Altruism is great. Thinking about others’ needs and perceptions is laudable. But you have to also realize that YOU are your life, and that if you’re putting other people or other things before you constantly, you’re not going to last very long. Eventually you’ve got to say, “sorry if I seem like an asshole, but no.”

I’ve spent most of this year with someone else’s pet(s) in my apartment. Cats, dogs, lizards, my roommate’s ferrets. Frankly, I’m sick to death of it. Not only am I feeding them and caring for them, but they’re stressing out my own pets and upsetting the way my apartment runs. Every now and then is fine. But this has been a constant this year. After the cat I’m currently sitting goes home, that’s it. No more for a while. I will be an asshole. I will put my foot down and say “no more.” There is a point at which enough is enough. This is an apartment, not a boarding kennel.

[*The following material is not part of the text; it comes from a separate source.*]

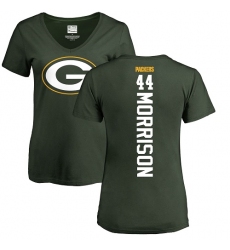 NFL Women's Nike Green Bay Packers #44 Antonio Morrison Green Backer T-Shirt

But that’s not what we’re taught. We’re told to applaud people who give someone else everything they have. It’s considered virtuous and right to sacrifice everything you are for someone else. To run yourself into the ground for the sake of the company or some ideal or dream.

I say fuck that.

I WILL NOT let my bosses run me into the ground. I WILL have at least one day off a week. Don’t give me any shit. I don’t care if everyone thinks I should work seven days a week or that it’s considered acceptable to do so. I won’t do it. I refuse. I WILL have my me time and I WILL run some errands and cook some food and then play some video games and sleep and do nothing all day. I WILL NOT be miserable. I WILL take care of myself and I WILL put myself before everyone else. I have to live with me, and for me, after all. No one else is going to.

The hardest people to deal with are the ones who think everyone else has to be altruistic for their sake. They’ll take me time for them, but will deny it to everyone else. The ones that say “I really have no other option but to come to you and there’s nothing else I can do [which is never true] and it’s not that much of a bother why won’t you help me waaaaaaaaah!” They don’t understand that there is a line and that they have attempted to cross it.

I’ve spent too much of my life being a doormat. Letting people talk me into things, or doing things for others without putting myself first and foremost. I won’t do it anymore. I have my lines and they will not be crossed.

I cannot take care of you unless I have taken care of me first. It may seem like I’m being an asshole, but how can I devote the proper time and attention and attitude to something if I’m preoccupied or completely spent?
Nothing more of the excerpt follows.